The first cookbooks introduced into America came over from Europe with the new settlers. These settlers had to adapt to the absence of ingredients and benefited from learning new methods from the indigenous Native American Tribes.
One of the most significant pieces in the Historical Culinary collection is The Williamsburg Art of Cookery or, Accomplish’d Gentlewoman’s Companion: Being a Collection of Upwards of Five Hundred of the Most Ancient & Approv’d Recipes in Virginia Cookery. This copy, printed in Williamsburg in 1938, is the 8th printing and gives reference to its earlier edition printed in London 1727, and noted to be the first cookbook to be printed in early America; Williamsburg in 1742. In fact, there were multiple renditions of this book, some of which originate as early as 1600 in London as guides to being a house wife and provide a humble history of our etiquette, sanitation and eating trends.
[Note the publishing and language trend of replacing the letter “s” with the letter “f”. The letter “f” was a common publishing and manuscript replacement to note a long “s”. The replacement fell out of use in the middle of the 19th century due to the complicated rules of usage.]
The Chapter, Of Bread, [right] gives the reader a lesson of how the first Colonial settlers adapting to bread made of corn, then called pone, provided to them from the Native Americans.
The earliest printed cook book in the Kendall Library's Historical Culinary Collection is titled as a guide to being a housewife. Common Sense in The Household : a Manual of Practical Housewifery, printed in New York in 1875.

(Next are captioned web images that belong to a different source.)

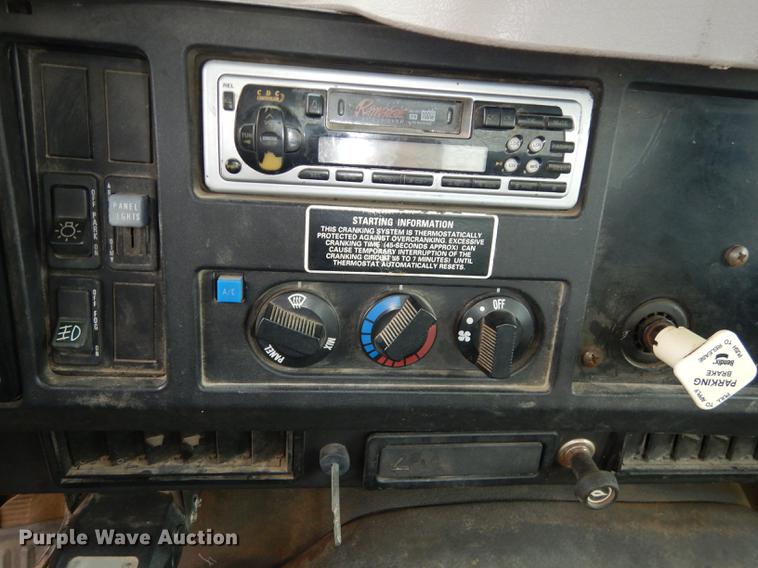 image for item DD0790 1996 International 4900 flatbed truck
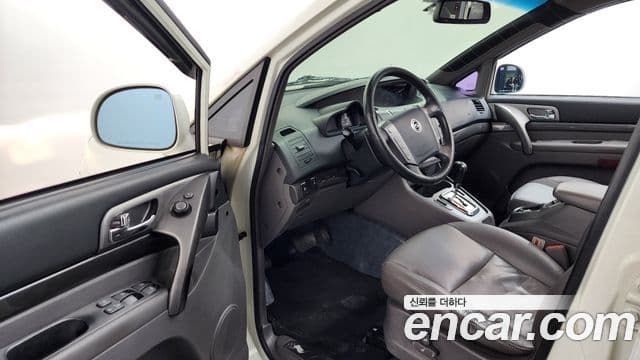 KG모빌리티(SsangYong) Korando 투리스모 4WD RT 9인승, 2014 10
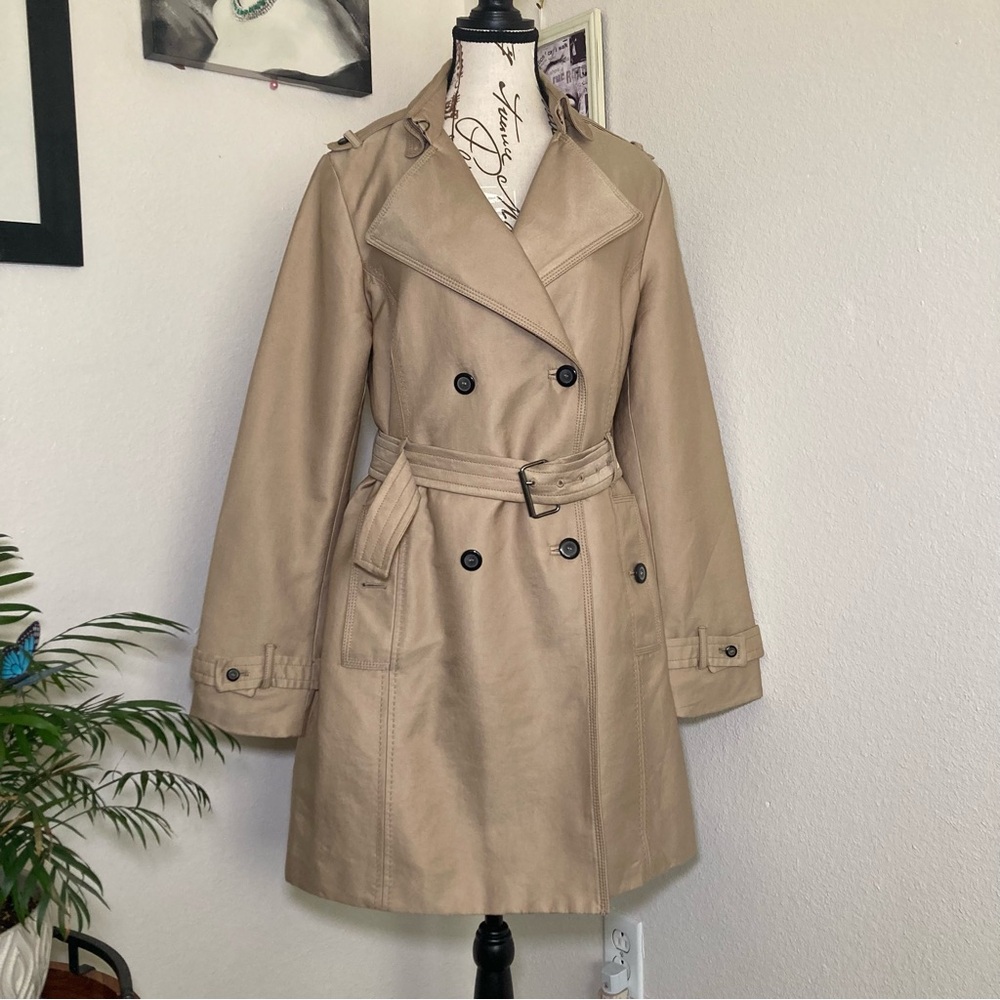 Kristen Blake Classic Tan Double-Breasted Women's Trench Coat Medium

This book is as much as a house companion manual as it is a cookbook, covering subjects as wide as cleaning knives with a soft flannel and bath brick, to making chicken jelly in the section on “The Sick Room”. It was very common to have a household manual for husbands as well as wives, a tradition that went away with the revolution of machinery and changing careers in the early 1900’s.
A digital PDF of this book has been made available by MSU’s Feeding America Digital Cookbook Project.